C’est l’état-major français qui a annoncé, mardi, que des militaires français de Sangaris avaient été engagés la veille dans un violent accrochage avec un groupe de rebelles armés. Les militaires français sont parvenus à stopper le groupe de miliciens — fort d'une quarantaine d'hommes et lourdement armés — juste avant qu'il n’entre dans la ville de Boguila, déjà la cible d'une attaque meurtrière de la part de miliciens, identifiés comme appartenant à la Séléka, le 26 avril.

« Ces combats, ont duré plus de trois heures et ont cessé à la tombée de la nuit. Face à l’agressivité de l’adversaire, la force Sangaris a fait usage de son armement lourd, incluant missiles anti-chars et mortiers avec l’appui d’avions de chasse » a fait savoir le ministère de la défense. Difficile de dire avec certitude qui étaient les rebelles qu'ont affronté les militaires français. Le commandement intérimaire de la Séléka nie toute implication de ses milices dans ces attaques, mais n’exclut pas la participation « d’hommes armés assimilés aux ex-Seleka ».

A l’origine, l’opération Sangaris se voulait une opération « coup de poing ». Prolongée une première fois en février 2014 par le Parlement français, c’est désormais une intervention de longue durée qui se dessine. 

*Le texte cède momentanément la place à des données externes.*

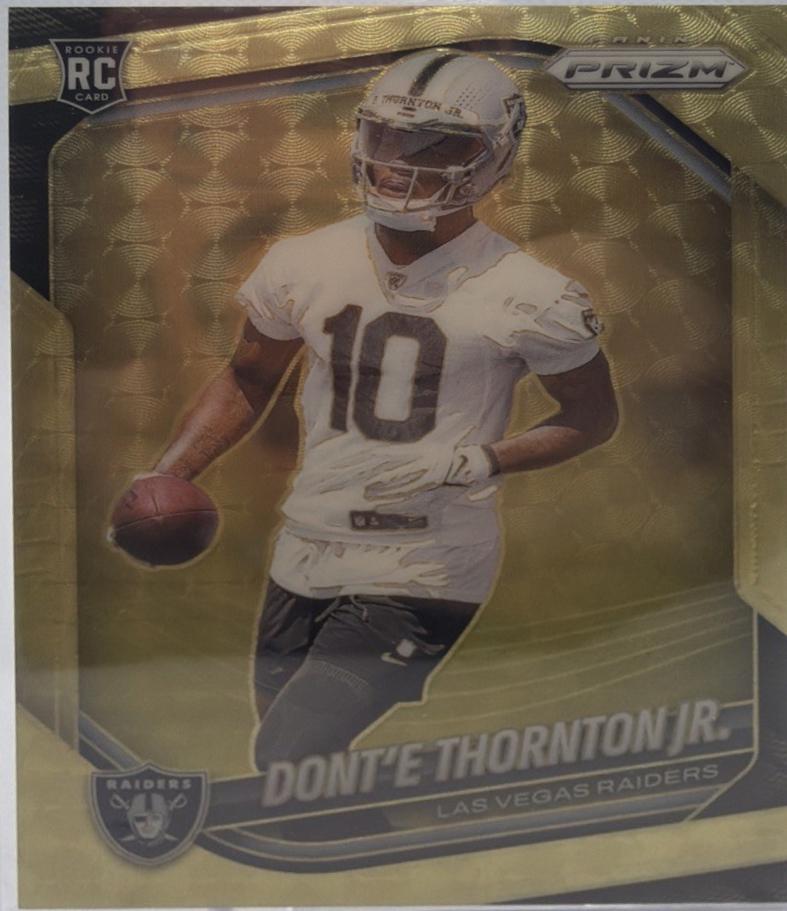 Dont'e Thornton Jr. [Autograph Gold Vinyl] #369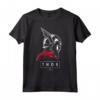 HapTiger Thor Ragnarok God of Tonal Street View Maglietta - Official Marvel Apparel for Fans - Unique Design T-shirt
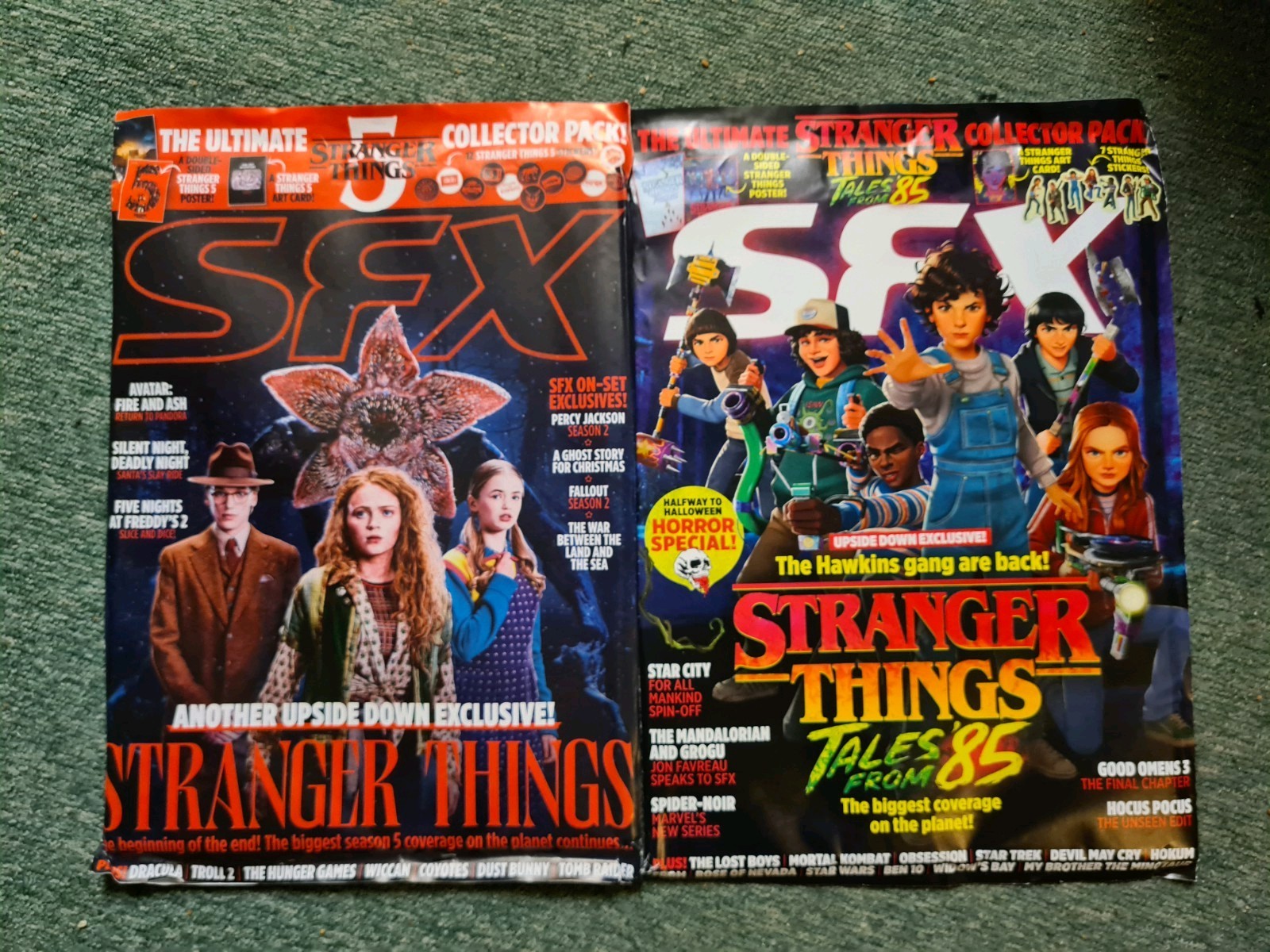2 x SFX Stranger Things Collector Pack Magazines + Poster + Art Card + New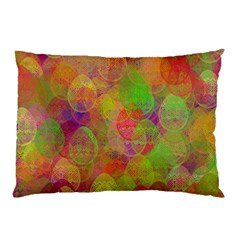 Easter Egg Colorful Texture Pillow Case by Dutashop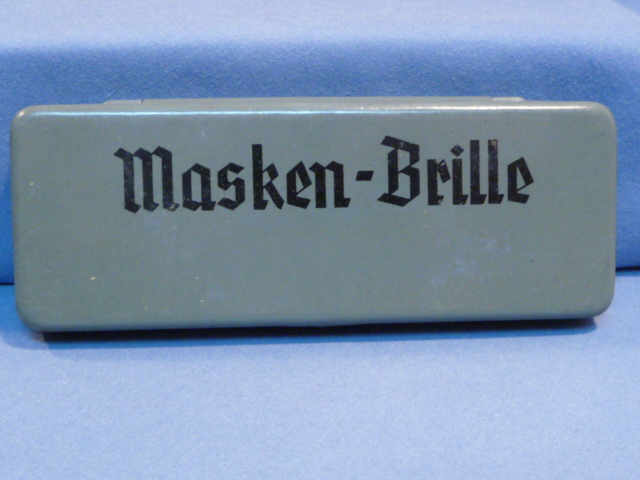 Original WWII German Soldier's Gas Mask Glasses Case, UNISSUED!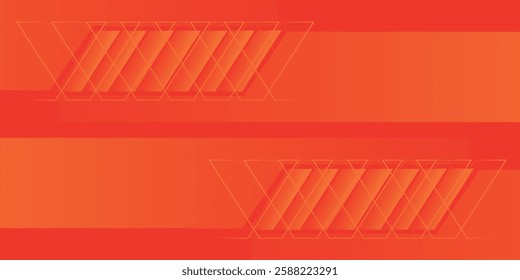 Abstract Sports Background with Orange and Red Gradient Brush Strokes and Halftone Effect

La Centrafrique, le risque d'un « hub » djihadiste 

Car la crise centrafricaine peut déstabiliser tous les pays voisins, non seulement le Tchad qui soutient l'intervention des Français en Centrafrique, mais aussi le Mali et le nord du Cameroun. La RCA est « le pays de toutes les frontières ». Ainsi les seize départements du pays ont tous une frontière avec un Etat voisin (Cameroun, Tchad, Soudan, Soudan du Sud, RDC) et les principales ethnies de la région sont également présentes dans ce pays. Une poudrière potentielle qui pourrait contraindre les forces françaises à des années de présence.  

Selon Didier Niewiadowski, la plus grave des menaces reste néanmoins liée à l’irruption des terroristes djihadistes sur la scène africaine : « Le territoire centrafricain peut constituer désormais une nouvelle zone de fertilisation de l’extrémisme religieux. Il pourrait devenir un lieu de convergence approprié, une sorte de hub, pour les musulmans en quête du Djihad. Les adeptes de Boko Haram, sévissant au nord du proche Nigeria, ont déjà trouvé des relais en Centrafrique, avec notamment les commerçants et passeurs de drogue nigérians qui ont ouvert de nouvelles routes passant par Bangui. (…) Les persécutions des musulmans, à partir du 5 décembre 2013, et le rapatriement de milliers de musulmans au Tchad, au Nigeria et au Niger ne laisseront probablement pas insensibles les groupes djihadistes de la région. De manière discrète et dans l’indifférence de l’Occident, notamment de l’Union européenne, le maillon faible de l'Afrique centrale pourrait devenir prochainement le trait d'union du terrorisme islamique africain ».


Ce vaste espace de non-droit au cœur de l’Afrique rappelle à bien des égards l’ancienne Somalie, un autre Etat fantôme à la pointe du djihad mondial dans les années 2000, après une guerre civile qui, avait à l’époque entraîné des déplacements de population massifs, le morcellement du pays, la ruine de l’économie et l’explosion de la piraterie maritime. 

 

La communauté internationale qui avait pris conscience tardivement de la mesure de la crise somalienne, aime à dire que des enseignements ont été tirés de l’exemple somalien pour éviter la reproduction d’un tel enchaînement de désastres humanitaires et politiques. A voir.